The voltage mode controlled boost converter is specifically illustrated as a demonstration. For a voltage mode controlled boost converter, the switches and PWM comparator generate multiple sidebands in frequency domain. Therefore, with a sinusoidal current perturbation frequency excitation, the output voltage response contains not only the perturbation frequency but also multiple sidebands and these sidebands can be reordered from low to high and written as f0, f0 - kfs and f0 kfs (0 < fo < fs/2).
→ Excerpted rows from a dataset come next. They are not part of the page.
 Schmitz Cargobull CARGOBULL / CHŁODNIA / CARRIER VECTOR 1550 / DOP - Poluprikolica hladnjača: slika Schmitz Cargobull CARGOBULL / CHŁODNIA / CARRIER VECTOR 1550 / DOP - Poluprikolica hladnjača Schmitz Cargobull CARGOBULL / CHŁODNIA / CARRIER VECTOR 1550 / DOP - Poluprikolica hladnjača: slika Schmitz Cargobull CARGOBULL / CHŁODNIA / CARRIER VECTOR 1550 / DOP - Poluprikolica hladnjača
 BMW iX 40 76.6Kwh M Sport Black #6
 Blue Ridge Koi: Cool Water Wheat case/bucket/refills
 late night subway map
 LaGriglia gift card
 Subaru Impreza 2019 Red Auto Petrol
This work develops the relationship between output current perturbation and output voltage perturbation at both perturbation frequency and sideband frequencies (we define this relationship as extended output impedance). The frequency characteristics around switching frequency are shown in Fig.2. It can be seen from the figure that the switching frequency is a very important parameter for output impedance characteristics. Although its variation has almost no effect on traditional impedance characteristics, but it affects the relationship between output voltage's sidebands and output current perturbation such as vo(f0) / io(fx).
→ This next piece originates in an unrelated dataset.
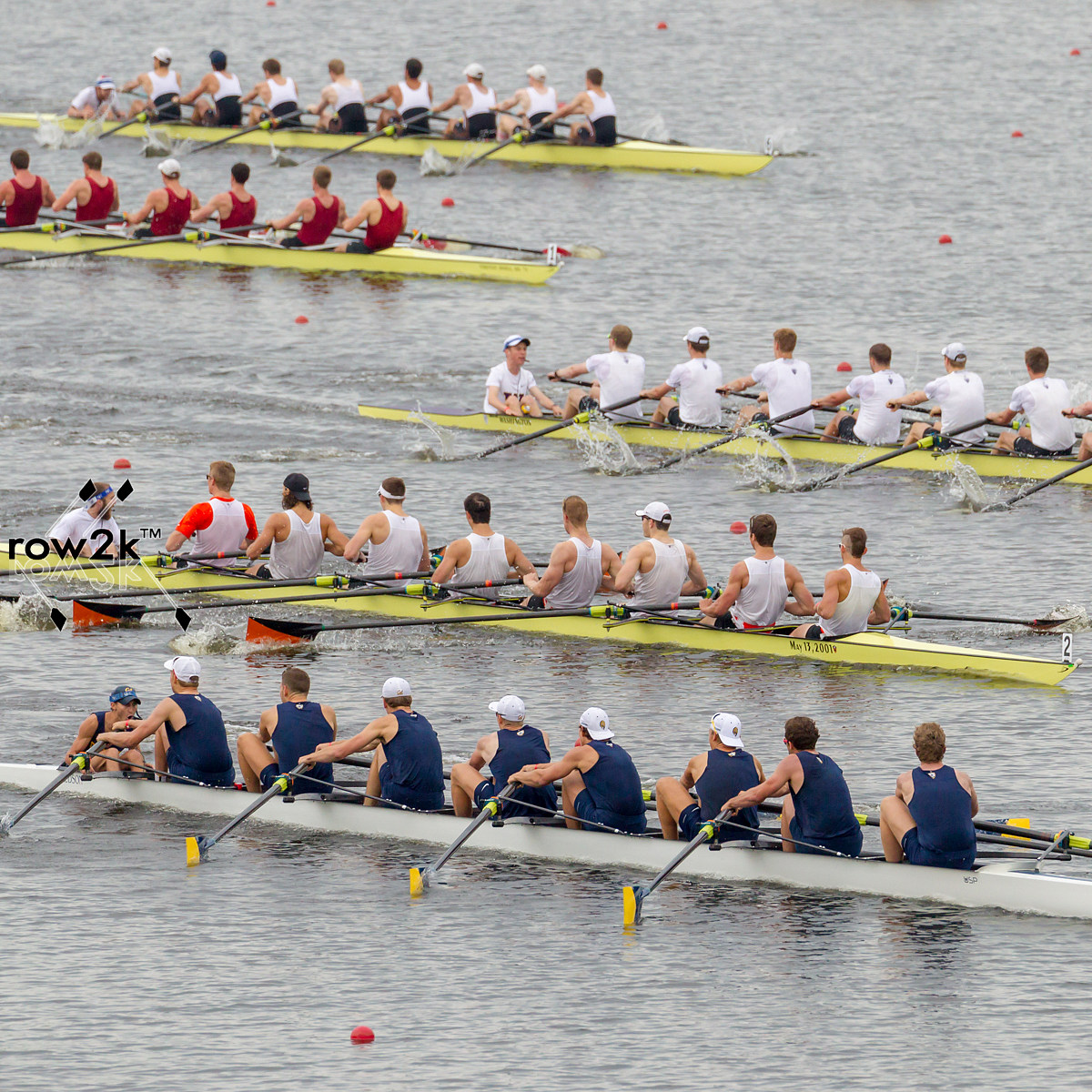 Rowing and Sculling for Rowers and Scullers - row2k.com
The high frequency interaction analysis for DPS shown in Fig.1 is based on the proposed model. If the switching frequency of one converter is 20 kHz while that of another is 19.5 kHz, the interaction of switching frequency ripples will produce multiple sidebands. According to the proposed model (as shown in Fig.2), if the low frequency component (f0 = 500 Hz) takes a much larger gain than that of other components, including the perturbation frequency 19.5 kHz itself, then there will be a 500 Hz oscillation in the bus voltage. The simulation result is shown in Fig.3. However, if the two converters' switching frequencies are both 20 kHz, from Fig.2, there will be no oscillations in the bus voltage. The simulation result for this case is shown in Fig.4.
Therefore, when designing power converters used for DPS, it should be suggested that the switching frequencies be checked and optimized by the proposed method to improve the power quality.